News: Over half of Ethiopia's fertilizer order for current year arrives at Djibouti port

Recently, a vessel carrying 636,600 quintals of NPS Boron fertilizers docked at the port of Djibouti (Photo: EABC)

Addis Abeba – The Ethiopian Agricultural Businesses Corporation (EABC) has reported the arrival of just over half the soil fertilizer ordered for the ongoing “Bega” dry season and the upcoming “Mehir” main harvesting season at the Port of Djibouti.

In September 2023, Girma Amente, Minister of Agriculture, unveiled the government’s robust plan to procure 23 million quintals of fertilizer for the current harvest, signaling a marked increase from the previous seasons. This year’s fertilizer procurement is nearly twice the 14 million quintals of fertilizer imported in the previous harvesting season.

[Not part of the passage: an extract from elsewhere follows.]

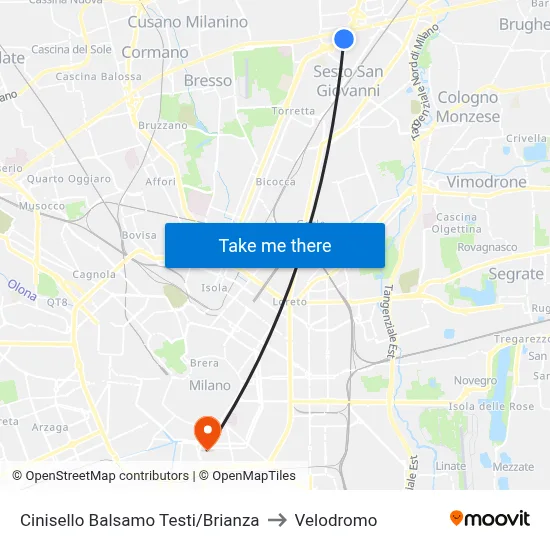 Cinisello Balsamo Testi/Brianza to Velodrome map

The Corporation has indicated that of the total fertilizer procured for this season’s harvest, 12 million quintals (52% of the total) have been received at the Djibouti port. Out of the arrived fertilizers at Djibouti, 11.7 million quintals have already been transported into Ethiopia and “are in the process of being distributed to farmers through agricultural cooperatives and unions.”

Despite these developments, media reports have indicated that ongoing conflicts in different parts of the country, including the Amhara region, are disrupting the delivery of this vital fertilizer to small-scale farmers.

Speaking to Deutsche Welle, Tesfaw Batable, head of the Amhara Disaster Prevention and Food Security Program Coordinating Commission, recently highlighted the conflict in the region, which has led to restrictions on people’s movement, resulting in delays in the distribution of essential agricultural inputs as well as food grains.

The initial consignment of fertilizers designated for this harvest season began arriving at the Djibouti port by late October 2023.

This fiscal year, the procurement and distribution of fertilizers commenced much earlier compared to previous harvesting seasons.

Last year, the timely delivery of these vital agricultural inputs to small-scale farmers across the country was marred by significant disruptions. This severe scarcity of fertilizers led to widespread demonstrations throughout the nation, with protest hubs emerging in various regions, including Amhara and Oromia.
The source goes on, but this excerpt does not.